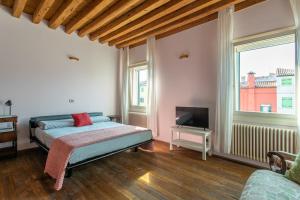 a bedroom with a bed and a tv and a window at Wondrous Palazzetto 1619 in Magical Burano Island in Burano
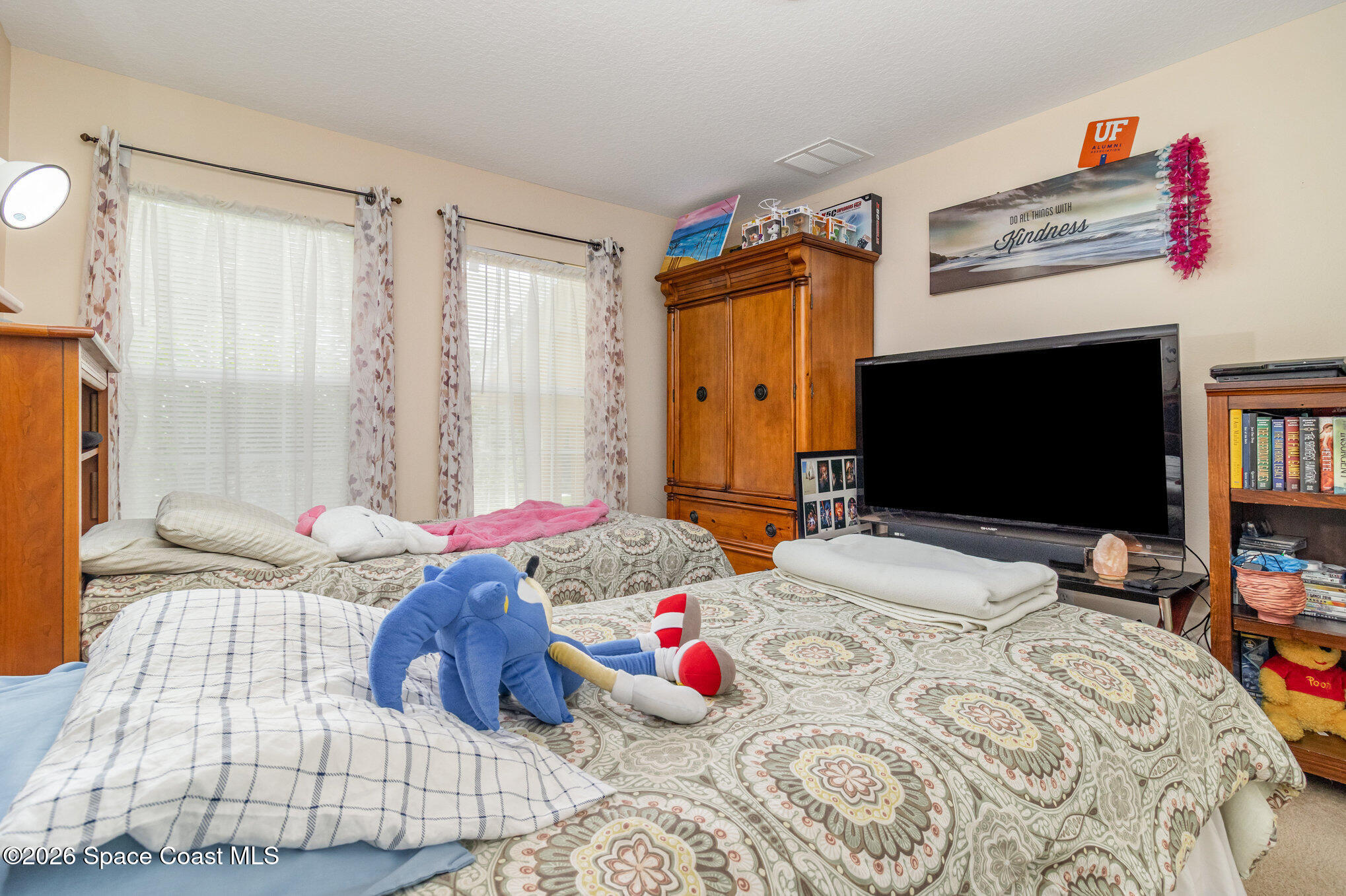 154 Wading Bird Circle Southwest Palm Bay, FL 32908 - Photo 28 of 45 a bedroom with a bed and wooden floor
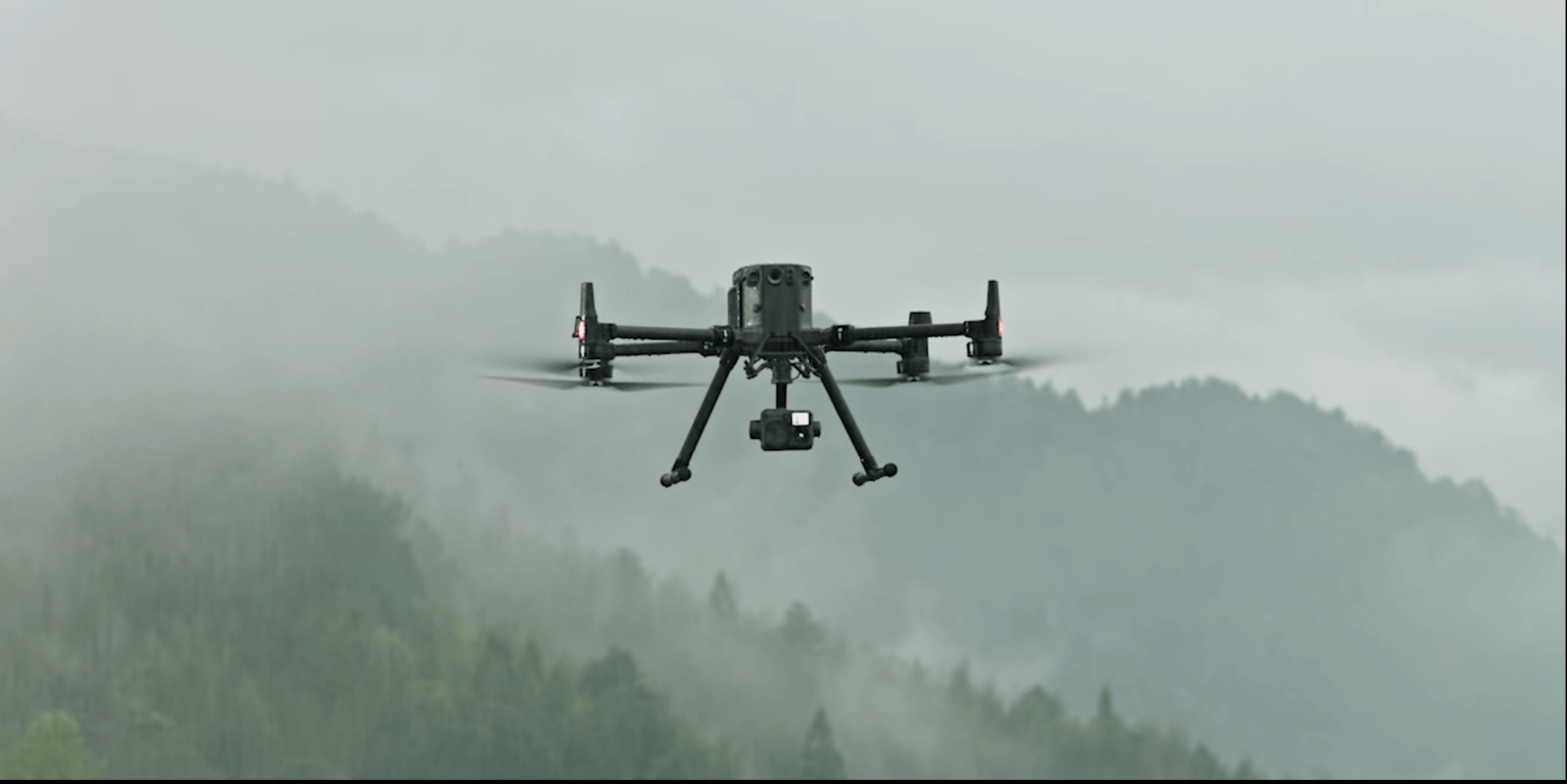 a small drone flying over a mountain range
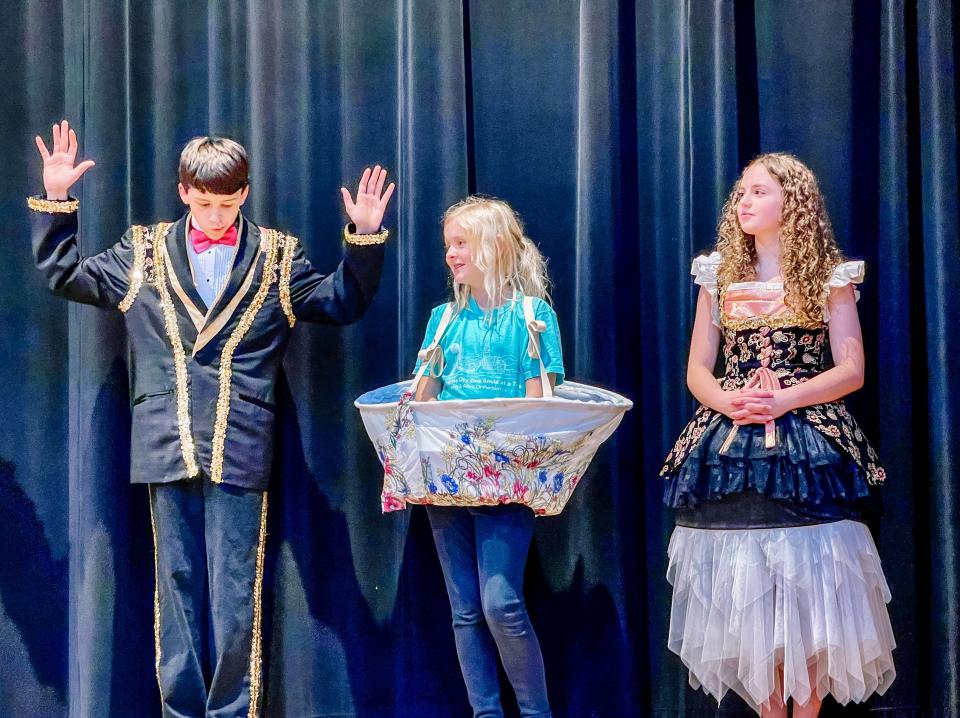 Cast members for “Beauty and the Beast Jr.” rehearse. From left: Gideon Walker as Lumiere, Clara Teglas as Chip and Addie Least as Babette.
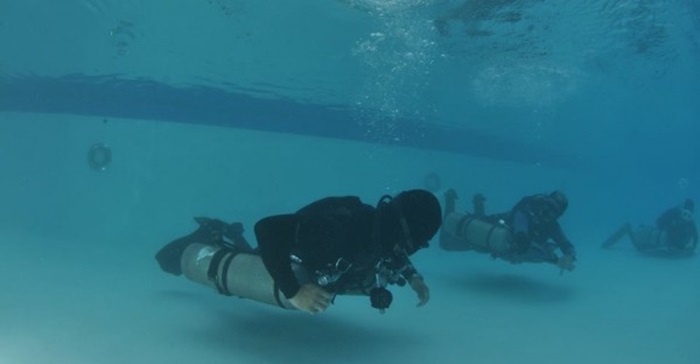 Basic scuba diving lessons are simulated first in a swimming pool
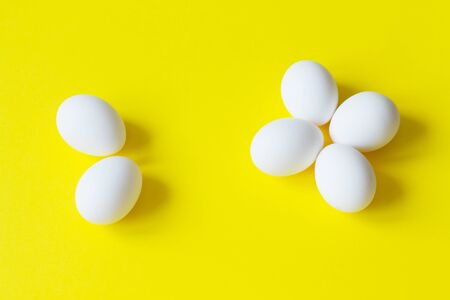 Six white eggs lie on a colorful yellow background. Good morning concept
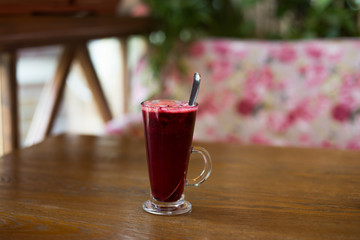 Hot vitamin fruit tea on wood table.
----
An exact copy of the records above is required, leaving out the pictures.

◆ **Written reply**:
 a bedroom with a bed and a tv and a window at Wondrous Palazzetto 1619 in Magical Burano Island in Burano
 154 Wading Bird Circle Southwest Palm Bay, FL 32908 - Photo 28 of 45 a bedroom with a bed and wooden floor
 a small drone flying over a mountain range
 Cast members for “Beauty and the Beast Jr.” rehearse. From left: Gideon Walker as Lumiere, Clara Teglas as Chip and Addie Least as Babette.
 Basic scuba diving lessons are simulated first in a swimming pool
 Six white eggs lie on a colorful yellow background. Good morning concept
 Hot vitamin fruit tea on wood table.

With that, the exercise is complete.